The federal government taxes many forms of income, from wages and salaries to interest and gambling winnings, but it also lets you claim tax breaks that let you keep some of your money tax-free. The Internal Revenue Service offers a tax exemption for each dependent you claim on your tax return. The dependent exemption is technically separate from the standard deduction, but both tax breaks function in the same way: they reduce your taxable income, which ultimately cuts the taxes you owe.
Standard Deductions vs. Exemptions
The standard deduction is a tax break you can claim on your tax return instead of claiming itemized deductions, which include things like property taxes, mortgage interest and gifts to charity. Standard deductions don't depend on whether you have children or other dependents; they depend only on your tax filing status. According to the IRS, the standard deduction is $6,100 for single filers and $12,200 for joint filers for the 2013 tax year. The dependent exemption lets you slash another $3,900 off your taxable income for each child you claim, beyond your standard deduction or itemized deductions. You can also claim a personal exemption of $3,900 for yourself, and if you're filing a joint return, your spouse.

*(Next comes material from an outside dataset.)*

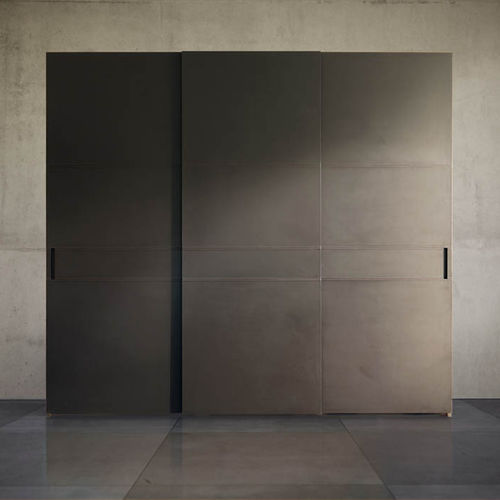 Armoire contemporaine - COVER - Mobilform - en bois / en cuir / à portes coulissantes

Dependent Exemption Requirements
Cutting your taxable income by $3,900 per child can result in thousands of dollars of tax savings, but not every child qualifies. To be considered a qualifying child dependent, your child must be under age 19, or 24 if a full-time student, have lived with you at least half the year and must not file a joint tax return or provide more than half his own support for the year. If your child does not meet these requirements, you can claim him as a qualifying dependent relative if his gross income is less than $3,900 and you provide more than half of his support for the year.
The exemption you can claim for each dependent can change from one tax year to the next because the IRS makes adjustments to account for price fluctuations in the economy. Personal and dependent exemptions cut taxable income by $3,800 on 2012 tax returns. The standard deduction also changes over time: For the 2012 tax year, single taxpayers have standard deduction of $5,950 and joint filers have a standard deduction of $11,900.
Dependents With Income
If someone you claim as a dependent earns income, the tax break you get may increase the dependent's taxes. A dependent can claim the standard deduction just like other single taxpayers, but a dependent doesn't get a personal exemption. In other words, when you claim someone as a dependent, you use up their personal exemption to reduce your own taxes.